It is definitely worth asking for the TPC-D results from your vendor before you commit to a data warehouse platform. "The sweet spot of the NT market today is between 10GB and 30GB of data, with the larger NT data marts and warehouses incorporating 100GB and beyond," stated Robert Craig, director of the Data Warehousing and Business Intelligence Service, Hurwitz Group, Inc. I would guess that the sweet spot of the Unix database market runs to bigger sizes, and that mainframes would be larger still.
One of my big worries about databases is how the data is encoded, so I have an interest in standards for such things.
A good general source of information is at www.fedstats.gov, which has links and search utilities to find statistical information generated by any federal statistics agency without having to know in advance what agency produces or publishes the data you want. It presents you with an index that lists 275 predefined categories of statistical information. A user can limit a keyword search to specific statistics agencies or cover all federal statistics. The "Fast Facts" section contains often-requested graphics and tables similar to those on the Internet. The entire Statistical Abstract of the United States is also on the FedStats site.
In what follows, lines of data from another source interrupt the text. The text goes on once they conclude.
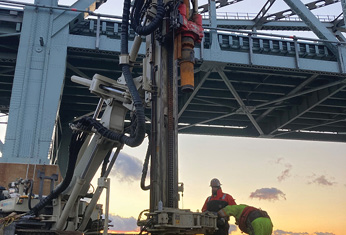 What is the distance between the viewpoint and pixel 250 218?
699cm

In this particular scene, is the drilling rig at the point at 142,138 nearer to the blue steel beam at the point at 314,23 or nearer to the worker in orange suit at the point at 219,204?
the worker in orange suit at the point at 219,204

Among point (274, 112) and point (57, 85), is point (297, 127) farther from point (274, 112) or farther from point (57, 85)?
point (57, 85)

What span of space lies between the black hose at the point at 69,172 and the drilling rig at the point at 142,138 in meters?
0.02

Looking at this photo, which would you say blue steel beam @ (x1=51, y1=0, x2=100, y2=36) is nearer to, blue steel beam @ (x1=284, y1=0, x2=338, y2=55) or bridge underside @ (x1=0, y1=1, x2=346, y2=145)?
bridge underside @ (x1=0, y1=1, x2=346, y2=145)

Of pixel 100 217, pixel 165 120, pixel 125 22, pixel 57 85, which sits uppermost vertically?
pixel 57 85

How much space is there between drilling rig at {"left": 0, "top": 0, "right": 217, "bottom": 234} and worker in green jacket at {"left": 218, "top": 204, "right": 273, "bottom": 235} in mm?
1200

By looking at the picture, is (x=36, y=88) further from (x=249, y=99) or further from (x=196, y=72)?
(x=249, y=99)

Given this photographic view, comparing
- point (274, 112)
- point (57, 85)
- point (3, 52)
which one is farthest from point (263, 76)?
point (3, 52)

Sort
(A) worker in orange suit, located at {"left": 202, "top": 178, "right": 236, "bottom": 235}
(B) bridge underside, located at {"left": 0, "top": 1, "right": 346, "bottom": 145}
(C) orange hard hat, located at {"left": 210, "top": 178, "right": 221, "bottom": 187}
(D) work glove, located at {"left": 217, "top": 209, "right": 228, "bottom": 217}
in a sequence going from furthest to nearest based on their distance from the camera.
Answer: (B) bridge underside, located at {"left": 0, "top": 1, "right": 346, "bottom": 145}
(C) orange hard hat, located at {"left": 210, "top": 178, "right": 221, "bottom": 187}
(A) worker in orange suit, located at {"left": 202, "top": 178, "right": 236, "bottom": 235}
(D) work glove, located at {"left": 217, "top": 209, "right": 228, "bottom": 217}

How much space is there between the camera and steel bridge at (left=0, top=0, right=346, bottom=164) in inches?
589

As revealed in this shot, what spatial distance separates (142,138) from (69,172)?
213cm

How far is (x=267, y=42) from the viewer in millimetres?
19484

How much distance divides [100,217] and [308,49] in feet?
48.6

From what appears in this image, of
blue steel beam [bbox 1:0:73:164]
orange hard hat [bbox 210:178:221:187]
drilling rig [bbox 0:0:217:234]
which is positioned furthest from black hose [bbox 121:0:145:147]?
blue steel beam [bbox 1:0:73:164]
Point your Web browser to link-usa.com/zipcode where you will find an offer for a database of latitude and longitude, and also sample programs in VB and C++ that show how to calculate the distance between two zip codes. Their price is between $50 and $100, depending on what other information you need. If you just need raw census data go to tiger.census.gov or you can also get a compressed version of the files at ftp://ftp.census.gov/pub/tiger/tms/gazetteer.
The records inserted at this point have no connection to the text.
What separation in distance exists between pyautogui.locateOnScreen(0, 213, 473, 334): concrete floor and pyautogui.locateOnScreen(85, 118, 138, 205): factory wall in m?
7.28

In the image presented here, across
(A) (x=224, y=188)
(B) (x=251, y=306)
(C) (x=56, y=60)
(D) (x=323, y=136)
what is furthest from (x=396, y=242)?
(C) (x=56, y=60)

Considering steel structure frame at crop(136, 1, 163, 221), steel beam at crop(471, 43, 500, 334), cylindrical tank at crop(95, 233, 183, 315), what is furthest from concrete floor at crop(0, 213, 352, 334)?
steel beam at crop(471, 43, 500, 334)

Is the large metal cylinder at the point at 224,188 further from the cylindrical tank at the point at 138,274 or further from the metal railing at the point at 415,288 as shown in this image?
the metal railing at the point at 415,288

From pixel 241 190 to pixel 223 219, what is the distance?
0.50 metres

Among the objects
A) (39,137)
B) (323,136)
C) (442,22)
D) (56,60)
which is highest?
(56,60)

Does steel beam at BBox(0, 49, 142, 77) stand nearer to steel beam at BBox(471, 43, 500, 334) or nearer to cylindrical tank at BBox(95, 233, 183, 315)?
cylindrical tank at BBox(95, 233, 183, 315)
Most Americans know about ZIP codes but do not know about the international standards for two and three character codes for language names and country names. These standards are maintained by ISO TC37.
2-character language names -- ISO 639:1988 3-character language names -- ISO 639-2 (year unknown) 2-character country names -- ISO 3166 3-character country names -- ISO 3166
Unofficial extracts in English from the ISO 639:1998 standards are available as follows at www.indigo.ie/egt/standards/iso639/iso639-1-en.html. You can find copies of ISO 639 at www.free.net/Docs/standards/ISO/639.txt.
The August 18, 1997 issue of the Washington Perspective, a newsletter published by America's Community Bankers, reports: "Sen. Robert Bennett (R-Utah), chairman of the Senate Banking Committee's Financial Services and Technology Subcommittee, has asked the federal banking regulators to help him develop legislation to shield banks from Year 2000 liability."
The article goes on to say that while Bennett felt regulators should do more to increase awareness of the problem and encourage efforts to fix it, he also thought that once financial institutions have been certified as Year 2000-compliant, they should be afforded some protection from "liability due to failures in other systems over which they have no control."
The community banks are being surveyed about their plans and progress toward solving their millennium conversion problems. The Office of Thrift Supervision has appointed a high-level examiner, Dorothy van Cleve of the Midwest Region, as its Year 2000 Coordinator and put up a Y2K Web page (www.access.gpo.gov/ots/y2k.html) with some interesting links.
Clive M. Walden posted a problem on the CompuServe case forum that used a denormalized database, something like what we have discussed in this column. The table records which one of three possible supervisors have authorized a piece of work in a workflow model. The table looks like this:
CREATE TABLE WorkFlow
(job CHAR(10) NOT NULL,
auth1 CHAR(1),
auth2 CHAR(1),
auth3 CHAR(1));
INSERT INTO WorkFlow VALUES ('A', 'a', 'b', 'c');
INSERT INTO WorkFlow VALUES ('B', 'a', 'b', 'c');
INSERT INTO WorkFlow VALUES ('C', 'b', NULL, 'd');
INSERT INTO WorkFlow VALUES ('D', NULL, NULL, NULL);
CREATE TABLE Personnel
(emp_id CHAR(1),
fname CHAR(10));
INSERT INTO Personnel VALUES ('a', 'Joe');
INSERT INTO Personnel VALUES ('b', 'Mary');
INSERT INTO Personnel VALUES ('c', 'Ann');
INSERT INTO Personnel VALUES ('d', 'Bill');
The goal is to find all the ways to produce a result with the job and the first name of the person who authorized it.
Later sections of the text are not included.